Project: TMDs -- Scale dependence of TMDs

Prace Call: 17th
ID: 2018184451, Leader: Andreas Schaefer
Affiliation: Regensburg University, DE
Research Field: Fundamental Constituents of Matter
Collaborators: Michael Engelhardt New Mexico State University USA , Jeremy Green Deutsches Elektronen-Synchrotron DE , Rajan Gupta Los Alamos National Laboratory USA , Piotr Korcyl Jagiellonian university PL , Andreas Rabenstein Regensburg University DE , Maximillian Schlemmer Regensburg University DE , Christian Zimmermann Regensburg University DE , Alexey Vladimirov Regensburg University DE
Resource Awarded: 44 Mil. core hours on SuperMUC

Abstract

This project is part of a major German-US lattice effort to investigate the properties of Transverse Momentum Dependent parton distribution functions (TMDs).
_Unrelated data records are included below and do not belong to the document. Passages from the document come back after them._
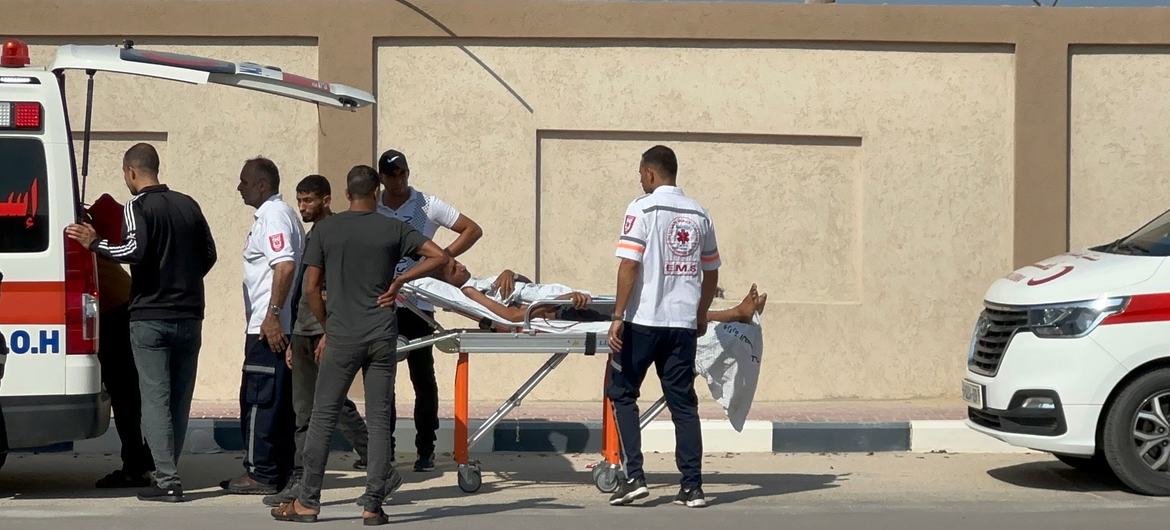 Un patient est emmené en Égypte depuis Gaza via le poste frontière de Rafah en 2023.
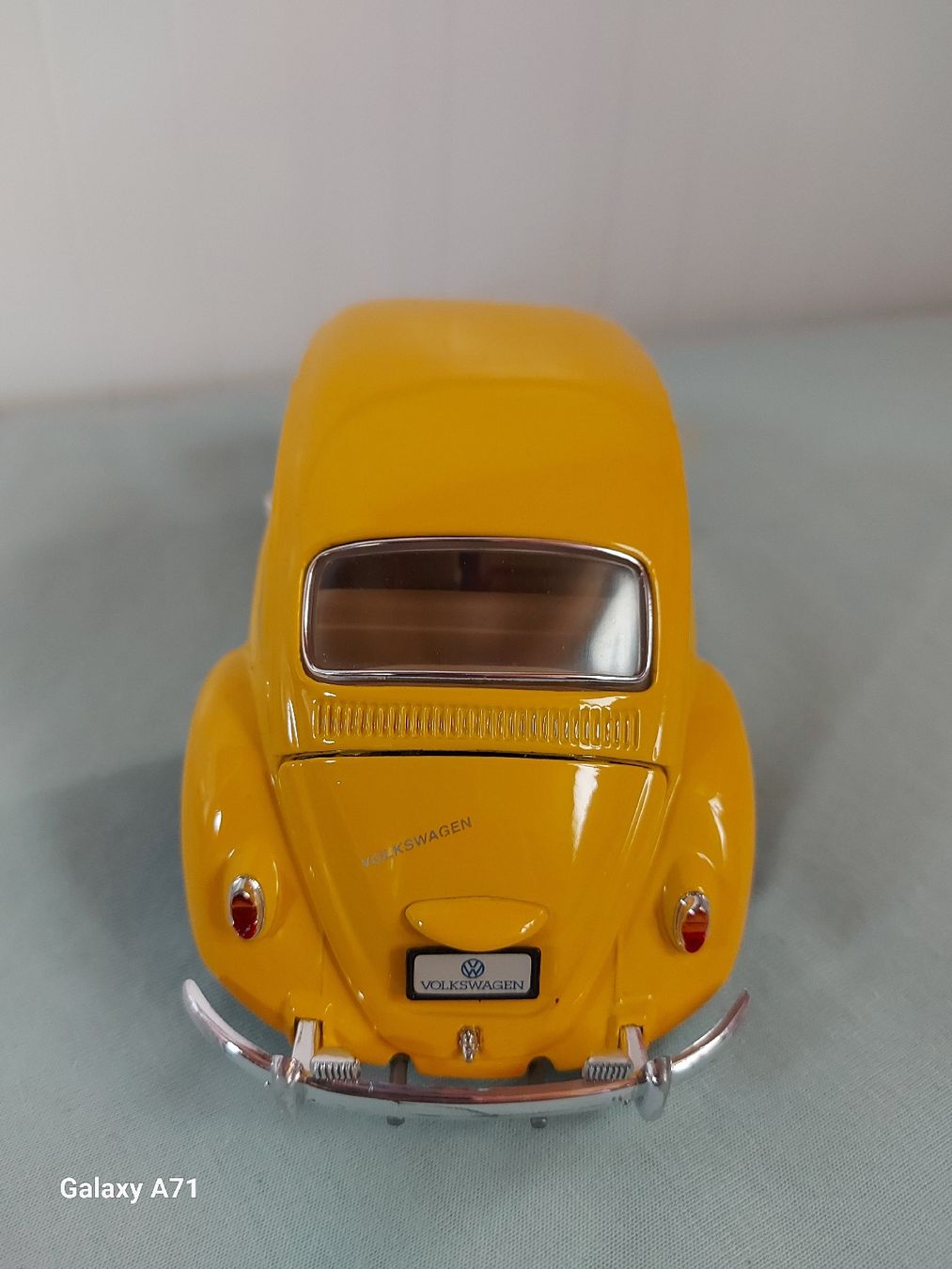 Volkswagen Voitures modèles: VW Käfer mit Box – D'occasion à Rumisberg par AaronRodgers81 2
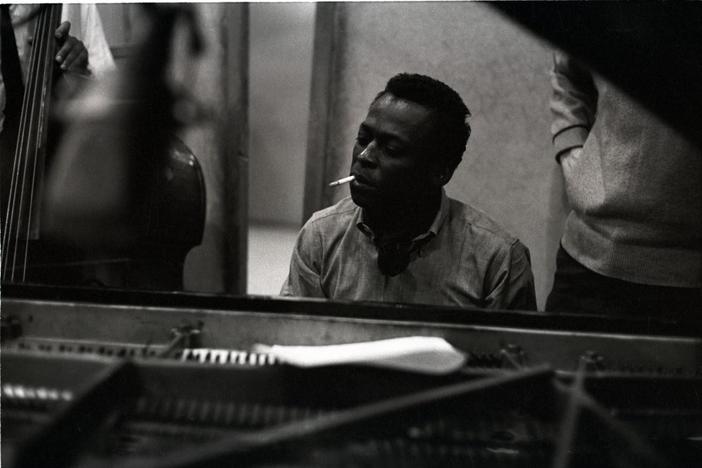 Miles Davis recorded "gems" while fulfilling an obligation to Prestige Records.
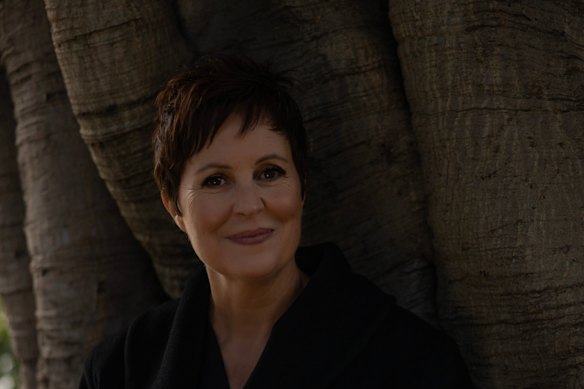 Author Heather Rose.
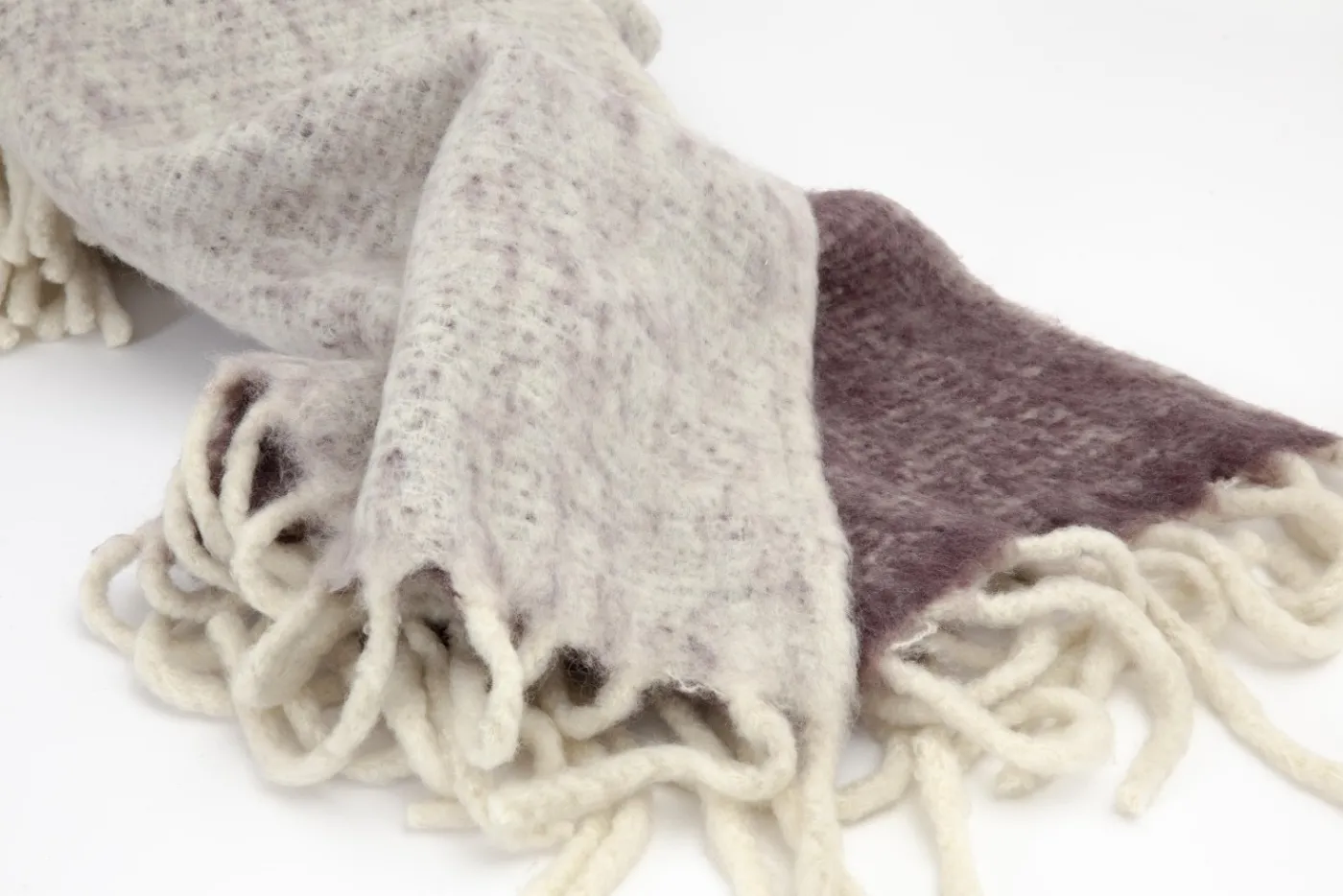 Plaids Et Couvre-Lits|Plaids Et Couvre-Lits<Flamant NEWTOWN, plaid, violet Pourpre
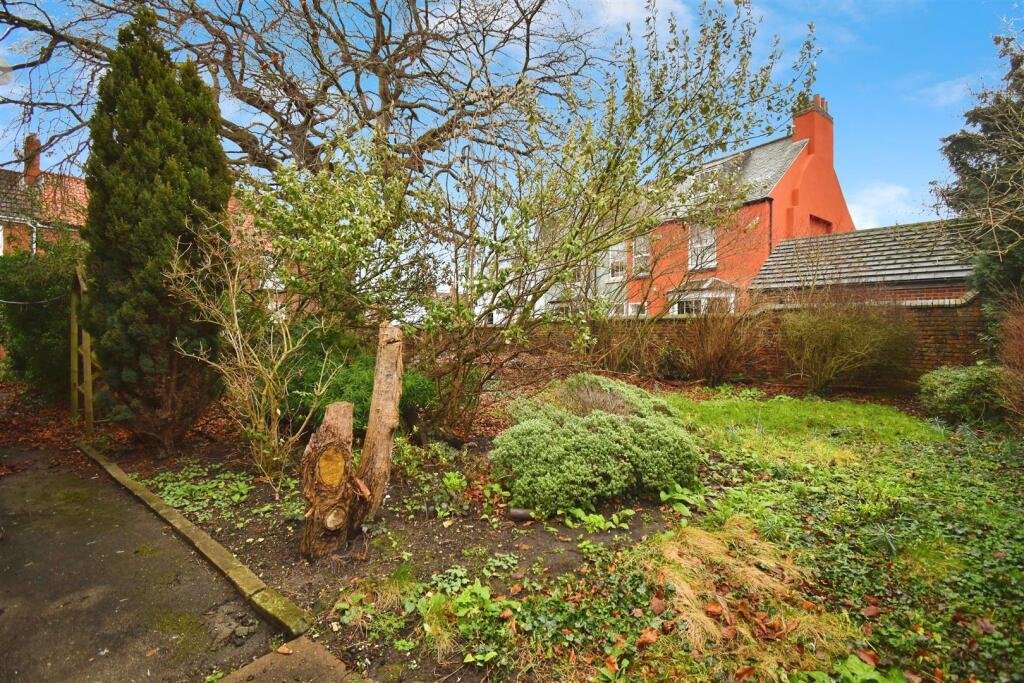 Swinegate, Hessle photo 4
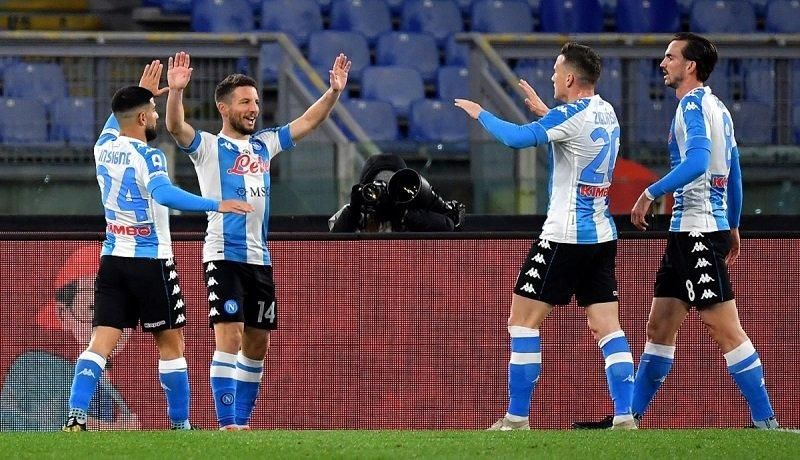 Мертенс забил гол со штрафного в матче Наполи - Кротоне: видео Мертенс забил гол со штрафного в матче Наполи - Кротоне: видео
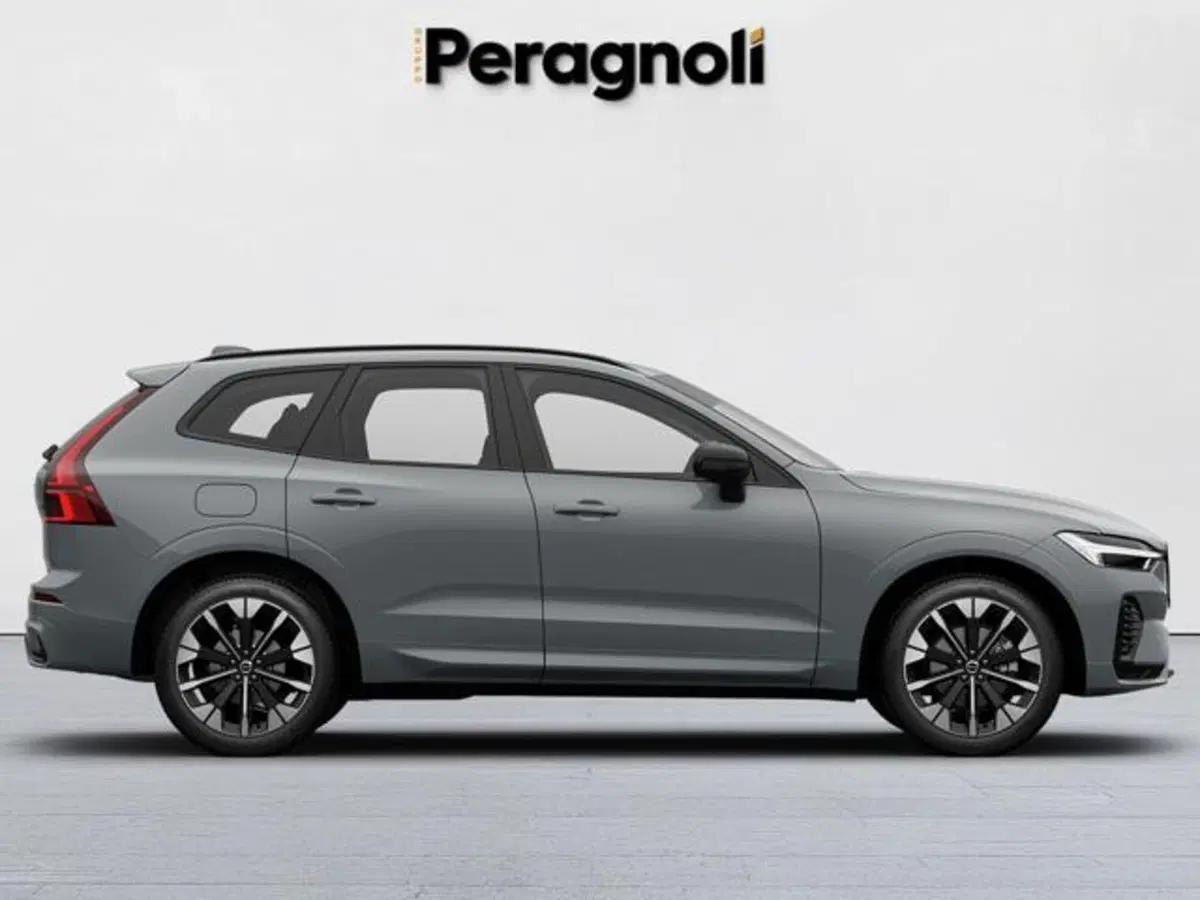 Volvo XC60 nuova a Firenze (4)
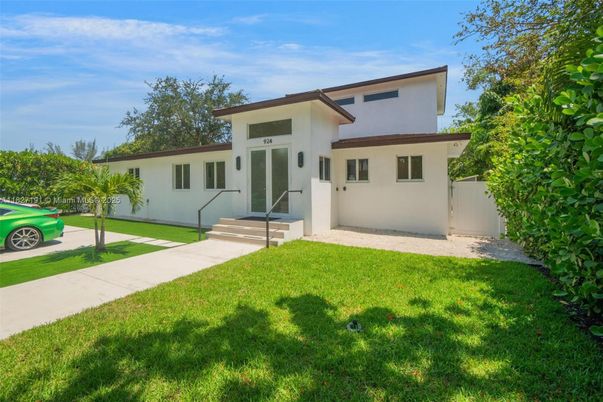 Backyard, Exterior, Facade, Modern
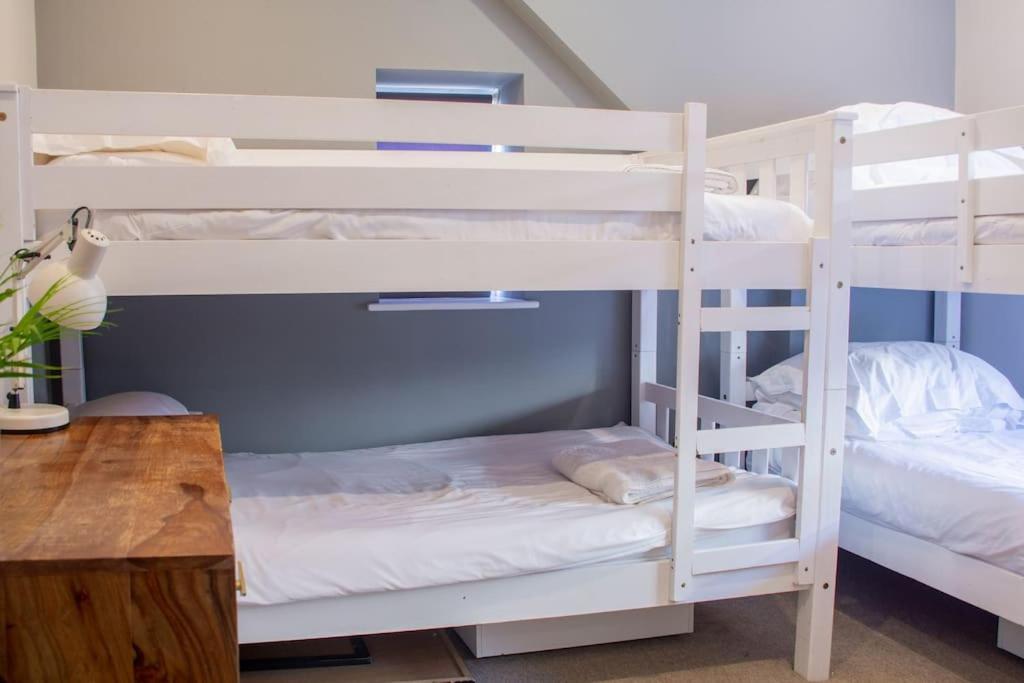 Edge14- Spacious, Stylish And Near The Beach! New Quay Exteriör bild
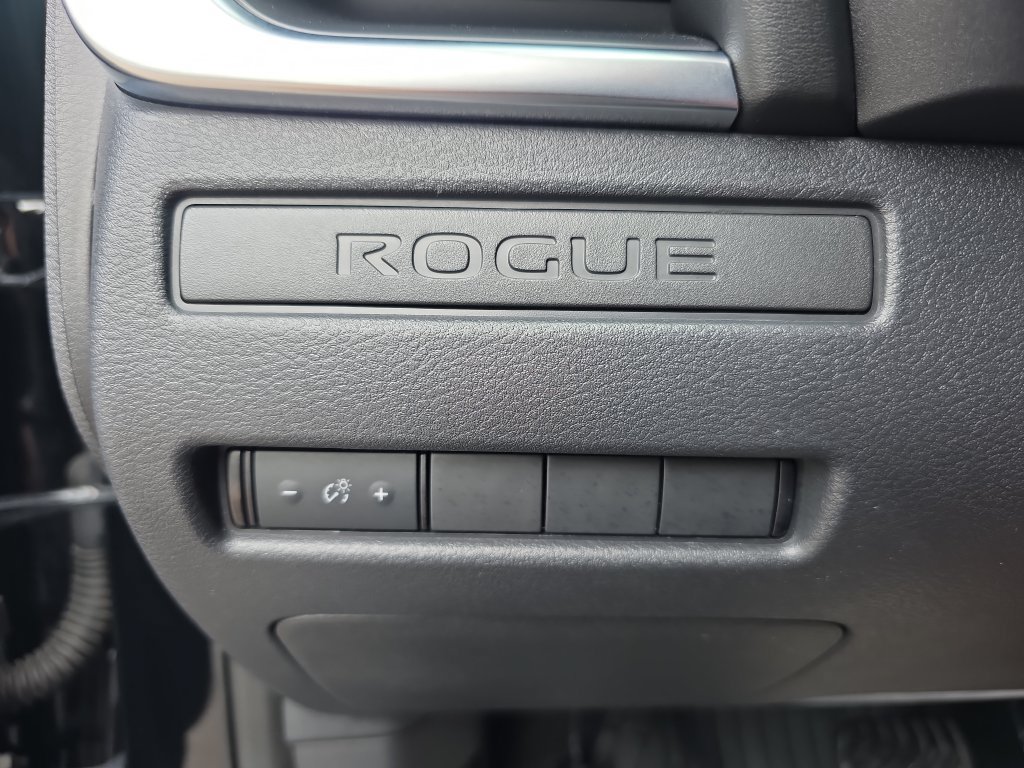 Used 2021 Nissan Rogue S FWD image 37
The experimental investigation of TMDs is one of the main physics goals of the projected new US accelerator EIC (Electron Ion Collider) the construction of which is pursued jointly by the Brookhaven National Laboratory (BNL) and the Thomas Jefferson National Accelerator Facility. The emphasis on TMDs is motivated by the fact that they link experimental observables to the detailed properties of QCD gauge links and thus to the most characteristic features of QCD. The physics of TMDs is still only partly understood. The open problem which is phenomenologically most relevant is the scale dependence which, in contrast to the case of normal parton distribution functions, has unsuppressed non-perturbative contributions. The aim of the present project is, therefore, to study the scaling of TMDs on the lattice. To do so we want to use the large number of ensembles which were generated by the CLS collaboration, precisely with the aim to study the dependence on the lattice constant a. For these ensembles, open boundary conditions were used, which avoid the problem of diverging topological autocorrelation times for small a. Settling the non-perturbative scaling properties of TMDs would mark a major advance in our understanding of hadron structure.